— Short web captions —
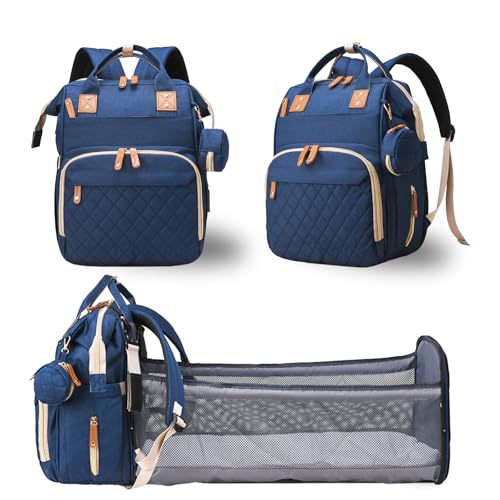Image of Lamroro Diaper Bag with Changing Station, Waterproof 3 in 1 Baby Diaper Backpack with Foldable Changing Pad, Large Travel Back Pack for Baby Girl Boy, Baby essentials, Blue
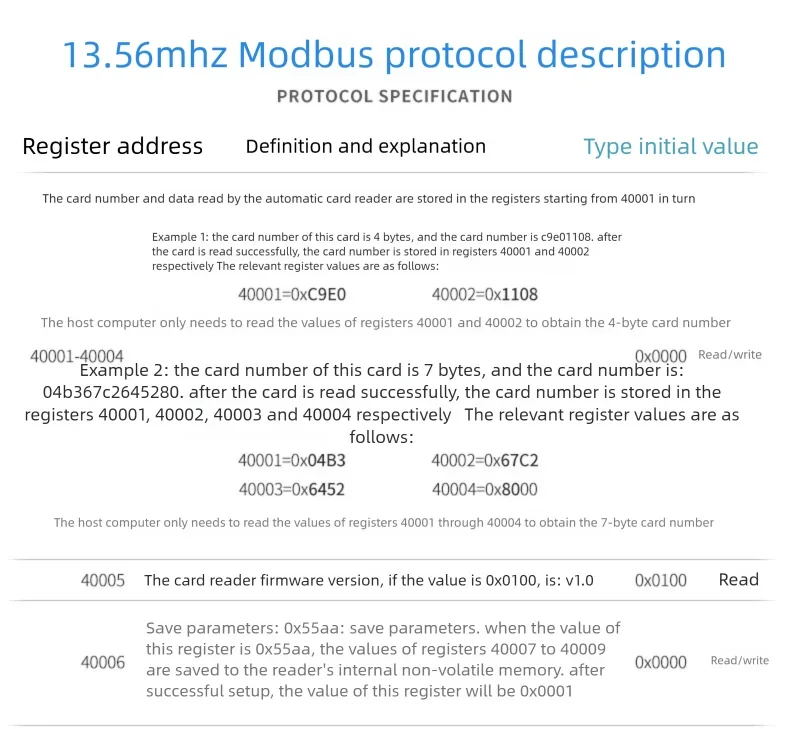 New Product Waterproof 24V NFC RS485 Modbus RTU Card Reader 13.56Mhz/125khz IC RFID Modbus RTU PLC Card Reader Device Proximity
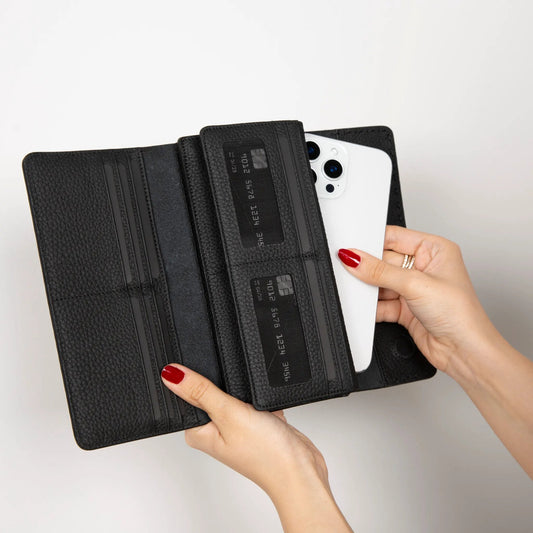 Nome Leather Wallet – 16 Card Slots & Phone Holder by TORONATA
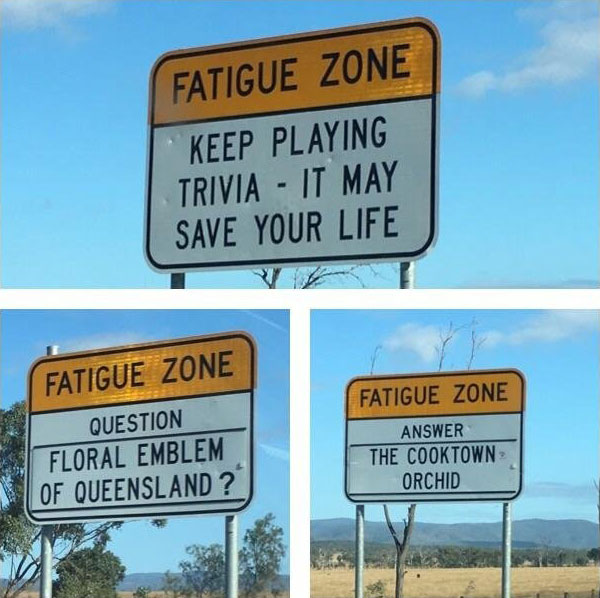 trivia road signs australia 2 There are Roads in Australia that are So Boring they Have Trivia Signs to Keep Drivers Alert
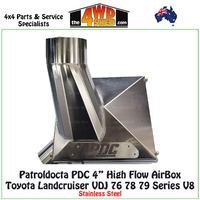 High Flow 4" AirBox Toyota Landcruiser VDJ 76 78 79 Series V8 - Stainless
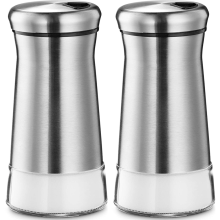 Conjunto de 2 saleiros e pimenteiros fáceis de reabastecer, com design moderno, vedação hermética para evitar a entrada de umidade, vidro de alta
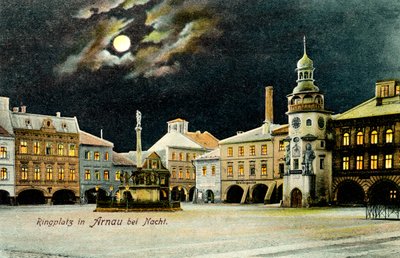 Torg i Hostinné (tyska: Arnau) på natten av Unbekannter Künstler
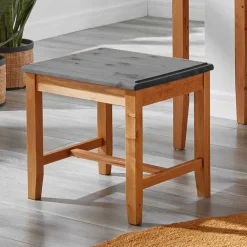 Zweifarbiger Holzhocker in Laugenfarbig und Grau - Eshelas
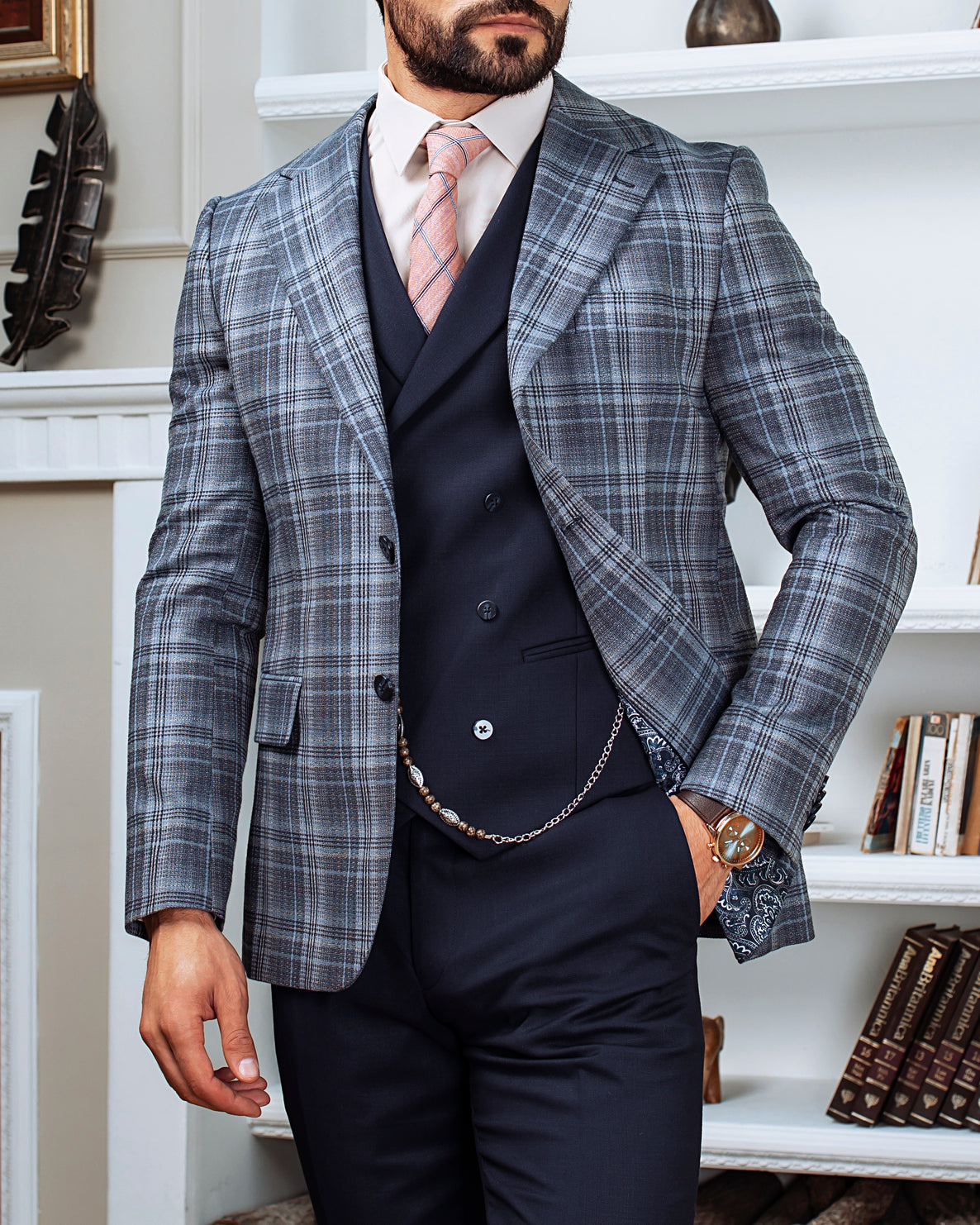 Blue Plaid Slim-Fit Suit 3-Piece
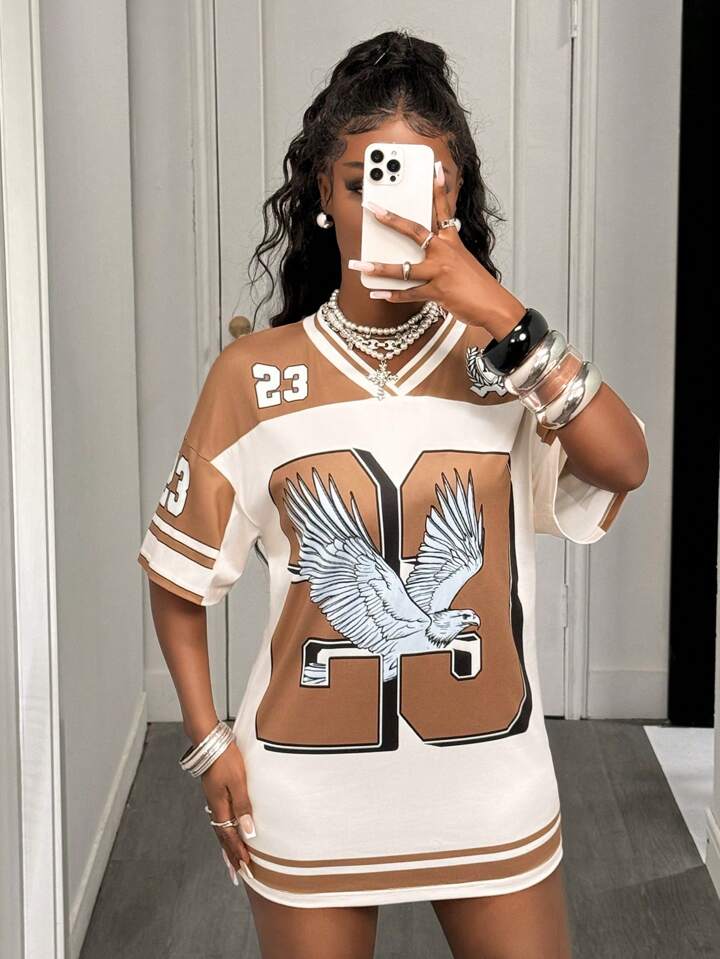 V-Neck Off-Shoulder Short Sleeve 23 Digital Eagle Pattern Brown And Apricot Stripes Retro Pattern Full Body Printing Loose Knitted Fabric Ladies Mini Dress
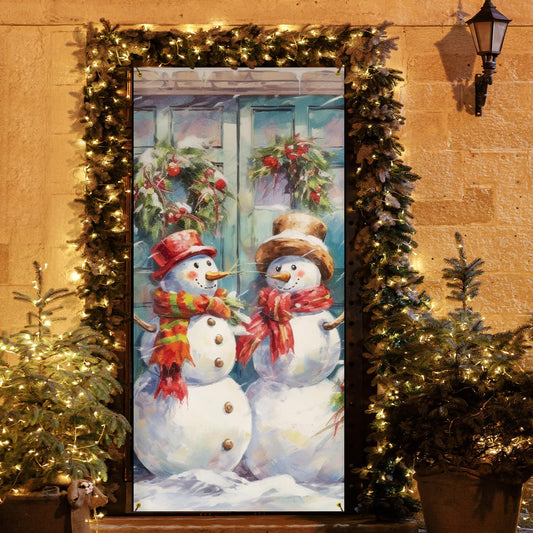 MKGRXZCW Snowman Front Door Cover, Cozy Winter Rustic Vintage Snowman Door Covers Hanging Photography Backdrop Decorations for Indoor Outdoor Party Decor, 35 * 79 Inch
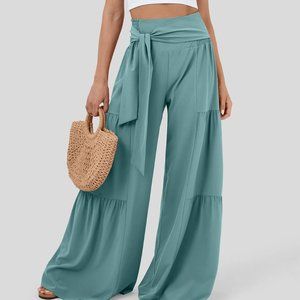 Breezeful™ High Waisted Shirred Tie Front & Back Plicated Wide Leg Flowy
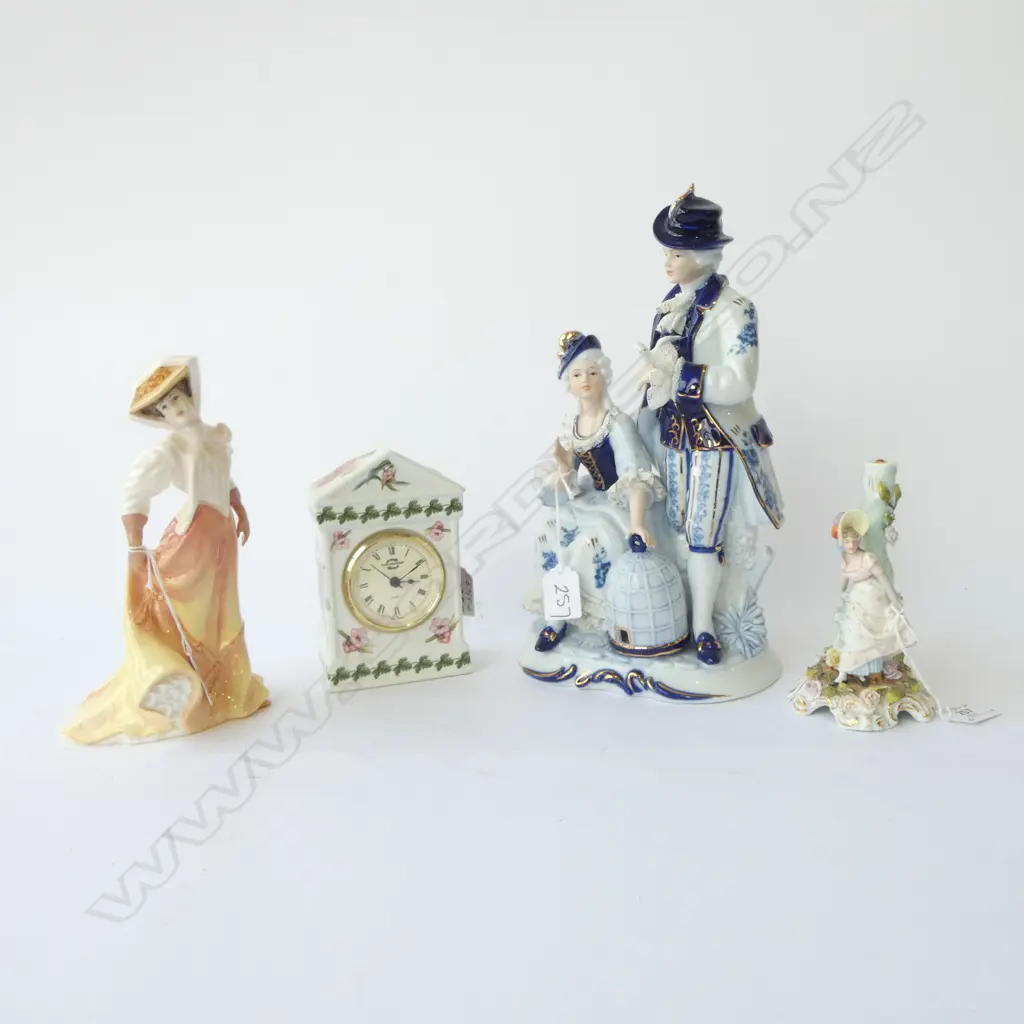 4 PCS; DOMANI PORCELAIN B/W COUPLE H.300mm, PORTMERION CLOCK (sml chip), RD 'THE OPEN ROAD' FIGURINE & OTHER Image 1++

— Your task —
Once the pictures are removed, set down what remains of the entries above exactly.

— Solved problem —
Image of Lamroro Diaper Bag with Changing Station, Waterproof 3 in 1 Baby Diaper Backpack with Foldable Changing Pad, Large Travel Back Pack for Baby Girl Boy, Baby essentials, Blue
 New Product Waterproof 24V NFC RS485 Modbus RTU Card Reader 13.56Mhz/125khz IC RFID Modbus RTU PLC Card Reader Device Proximity
 Nome Leather Wallet – 16 Card Slots & Phone Holder by TORONATA
 trivia road signs australia 2 There are Roads in Australia that are So Boring they Have Trivia Signs to Keep Drivers Alert
 High Flow 4" AirBox Toyota Landcruiser VDJ 76 78 79 Series V8 - Stainless
 Conjunto de 2 saleiros e pimenteiros fáceis de reabastecer, com design moderno, vedação hermética para evitar a entrada de umidade, vidro de alta
 Torg i Hostinné (tyska: Arnau) på natten av Unbekannter Künstler
 Zweifarbiger Holzhocker in Laugenfarbig und Grau - Eshelas
 Blue Plaid Slim-Fit Suit 3-Piece
 V-Neck Off-Shoulder Short Sleeve 23 Digital Eagle Pattern Brown And Apricot Stripes Retro Pattern Full Body Printing Loose Knitted Fabric Ladies Mini Dress
 MKGRXZCW Snowman Front Door Cover, Cozy Winter Rustic Vintage Snowman Door Covers Hanging Photography Backdrop Decorations for Indoor Outdoor Party Decor, 35 * 79 Inch
 Breezeful™ High Waisted Shirred Tie Front & Back Plicated Wide Leg Flowy
 4 PCS; DOMANI PORCELAIN B/W COUPLE H.300mm, PORTMERION CLOCK (sml chip), RD 'THE OPEN ROAD' FIGURINE & OTHER Image 1++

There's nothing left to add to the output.